Cap-Haïtien : entre embellissement et brutalité administrative
Les autorités de Cap-Haïtien affirment vouloir revitaliser cette ville côtière historique. L’objectif, du moins sur le papier, est largement partagé : rétablir l’ordre, améliorer l’esthétique et renforcer le potentiel touristique de la ville. Mais la manière dont cette initiative est menée suscite de vives inquiétudes. L’application brutale des mesures, le délai extrêmement court et l’absence d’alternatives pour les commerces concernés ont transformé cette opération d’assainissement urbain en un véritable choc social et économique.
L’opération a débuté par la démolition de constructions le long du boulevard de Cap-Haïtien, après que les propriétaires n’aient reçu qu’un préavis de 72 heures. Le délégué départemental, Marc Présumé, a expliqué que l’objectif était de dégager les trottoirs, et non de démolir indistinctement les commerces. Selon lui, les autorités ciblaient les constructions empiétant sur l’espace piétonnier, et non l’ensemble du boulevard. Pourtant, dans la pratique, des restaurants, des hôtels, des boîtes de nuit et de petits commerces de services – dont beaucoup sont des piliers de l’économie locale – ont été partiellement ou totalement détruits, sans plan de relocalisation, ni indemnisation, ni accompagnement pour la transition.
Cette approche est particulièrement problématique dans un pays où le secteur informel est essentiel à la survie économique. Pour de nombreux Haïtiens, les petits commerces de rue ne sont pas une option, mais leur seule source de revenus.
Haïti a connu sept années consécutives de contraction économique, et l’entrepreneuriat est déjà mis à rude épreuve. Dans ce contexte, détruire ces commerces ne revient pas simplement à « rétablir l’ordre », mais à anéantir des moyens de subsistance. Certains entrepreneurs s’en remettront peut-être, mais beaucoup d’autres non.
La contradiction est frappante. Tandis que les autorités agissent avec fermeté contre l’occupation des trottoirs, des problèmes urbains bien plus urgents restent sans solution : problèmes d’assainissement chroniques, coupures d’électricité prolongées, routes dégradées, dysfonctionnements des ports et aéroports, et quasi-absence de services publics de base.
Le boulevard lui-même est devenu un espace dynamique précisément parce que d’autres quartiers de la ville étaient abandonnés, sales, sombres et dangereux. Des investisseurs ont comblé le vide laissé par l’État. Or, ce même État démantèle aujourd’hui le peu d’activité économique qui subsiste, à quelques semaines du Carnaval, sans proposer de solution alternative cohérente.
Cette opération a également soulevé de vives inquiétudes quant à la violence d’État. Des vidéos circulant sur les réseaux sociaux montrent un commissaire du gouvernement agressant physiquement un citoyen menotté et déjà sous le contrôle de la police. L’opération de dégagement a été menée en présence du délégué départemental Marc Présumé et du commissaire du gouvernement Éno Zéphirin, avec l’appui d’engins lourds du ministère des Travaux publics et d’unités de la Police nationale haïtienne.
Les autorités insistent sur le fait que la campagne se poursuivra, notamment par l’enlèvement des conteneurs et des remorques, suivi d’un « nettoyage » du boulevard, sans toutefois préciser de calendrier. Par ailleurs, des commerçants affirment que certaines constructions ont été érigées avec des autorisations municipales, une allégation rejetée par les autorités qui maintiennent qu’aucun permis local ne peut prévaloir sur les lois protégeant l’espace public.

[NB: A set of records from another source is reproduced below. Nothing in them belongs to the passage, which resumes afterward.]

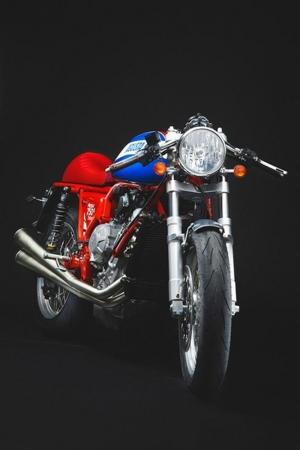 2018 MV Agusta 750S Tributo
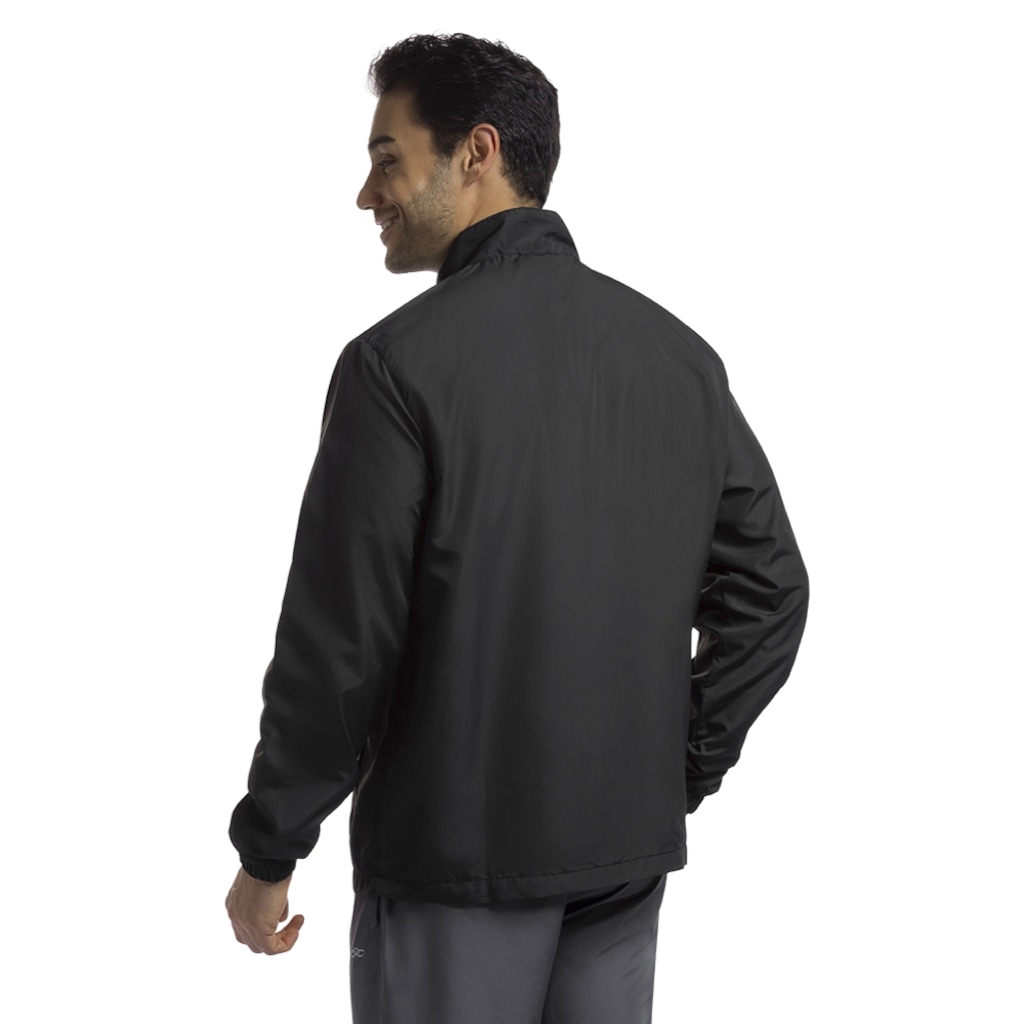 Imagem 2 do produto Jaqueta Masculina Olympikus Quebra Vento Essential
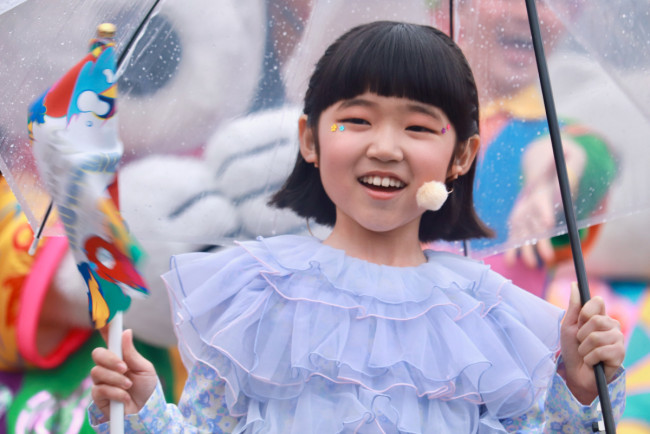 永尾柚乃、名作ハリウッド映画が好き　千葉雄大も驚き「勉強になった」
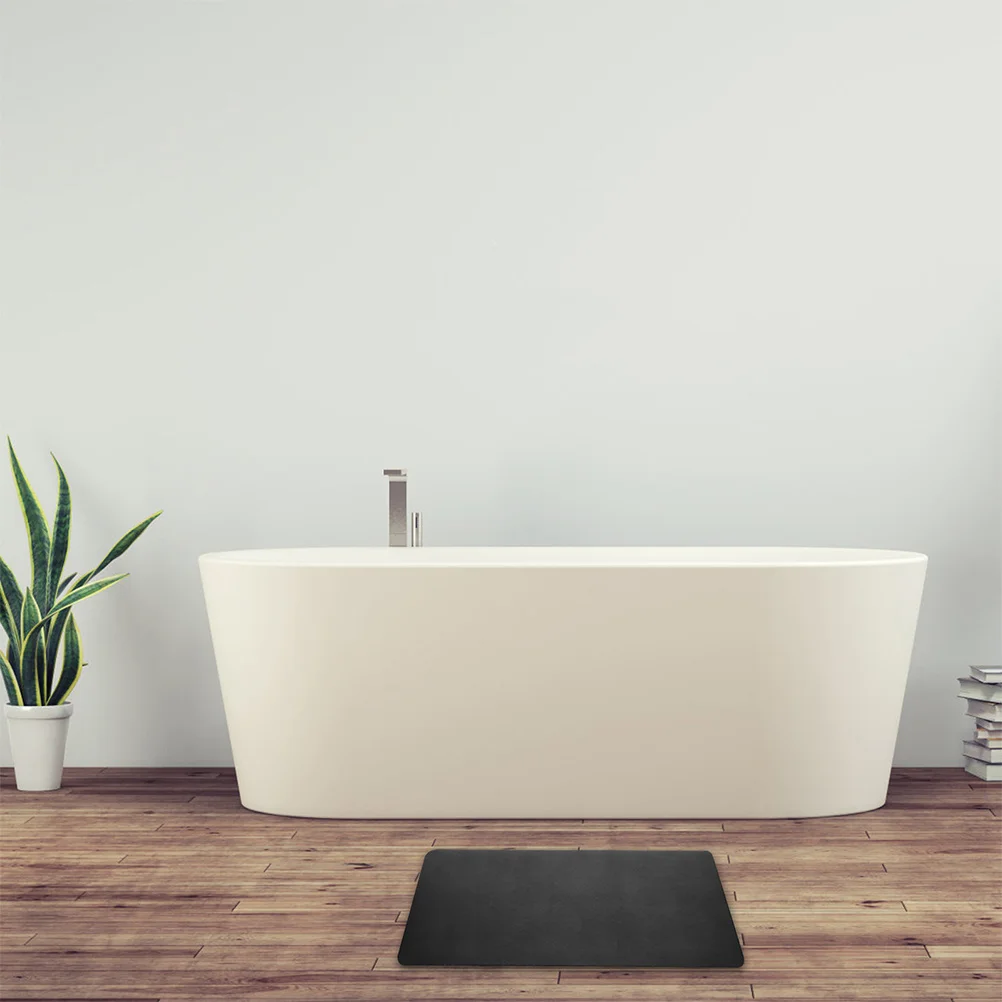 Anti-Slip Door Mat Outdoor Front Entryway Rug Heavy Duty Floor Mat For Home Kitchen Porch Pu Doormat Indoor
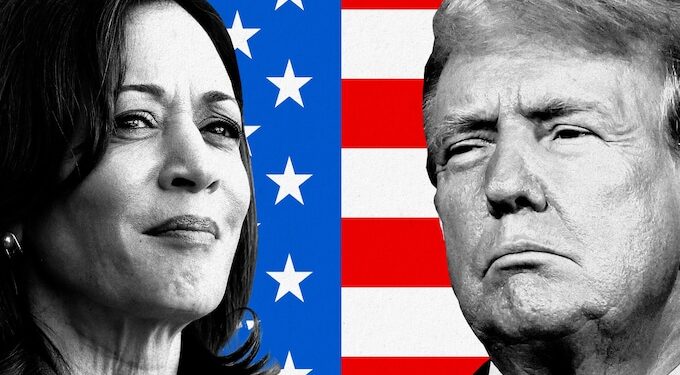 Harris Attacks Trump. Trump Attacks… Everyone!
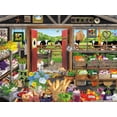 thumbnail image 1 of Rompecabezas Ceaco Tracy Flickinger Country Market 500 piezas, 1 of 5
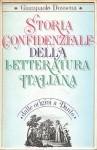 Storia confidenziale della letteratura italiana dalle origini a Dante
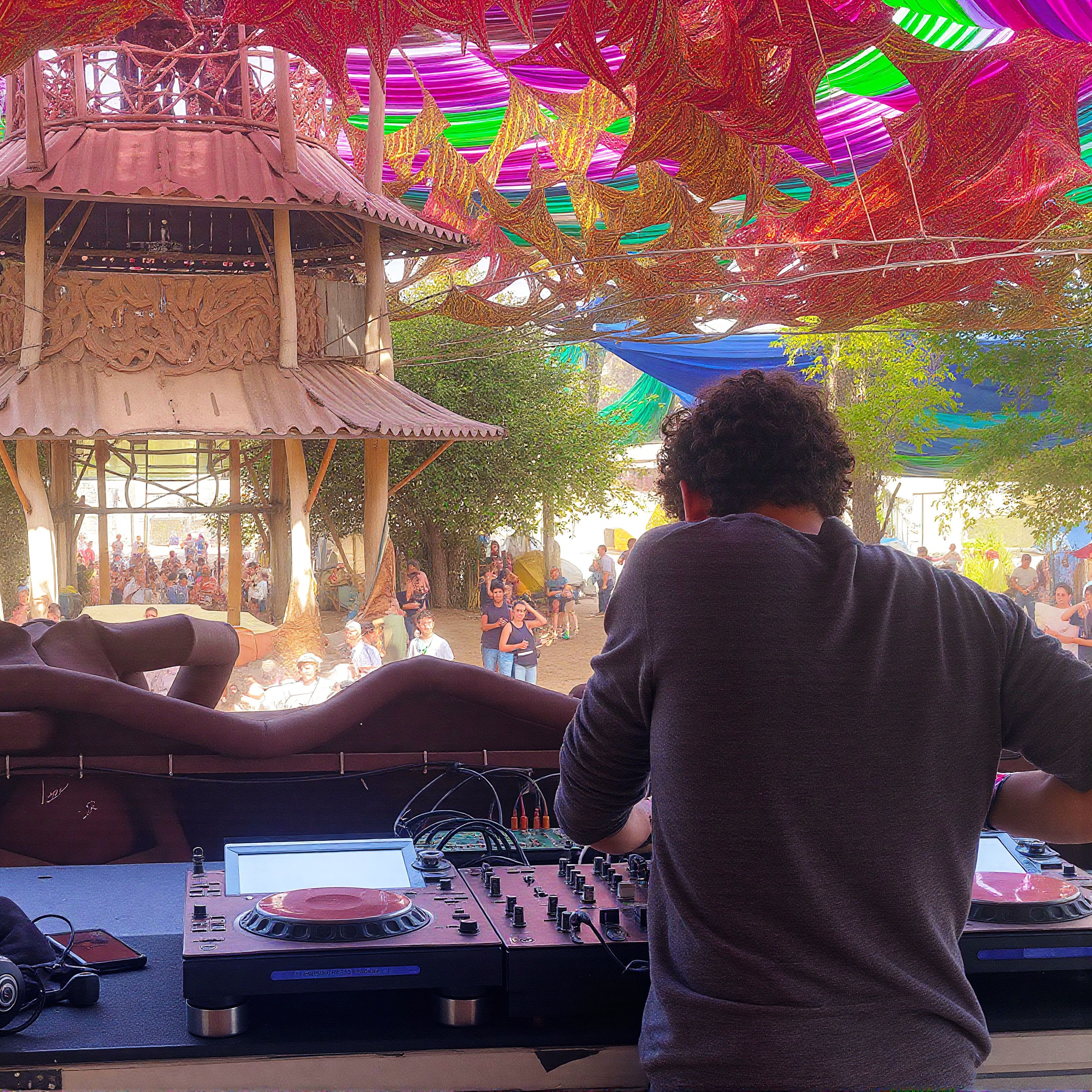 Latam mix @ Ozora Festival 2024, Ozora Stage | 147-142 BPM episode artwork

Au fond, la question n’est pas de savoir s’il faut dégager les trottoirs. L’ordre urbain est important. Le tourisme est important. L’espace public est important. La question est de savoir comment procéder. Passant d’une forme d’anarchie à une autre, Cap-Haïtien reste prisonnière d’une gouvernance marquée par une mauvaise planification, un manque de concertation et un déficit de vision. Remplacer l’activité économique par des décombres, en pleine récession prolongée, risque d’aggraver la pauvreté, d’alimenter le ressentiment et d’affaiblir la confiance dans les institutions publiques.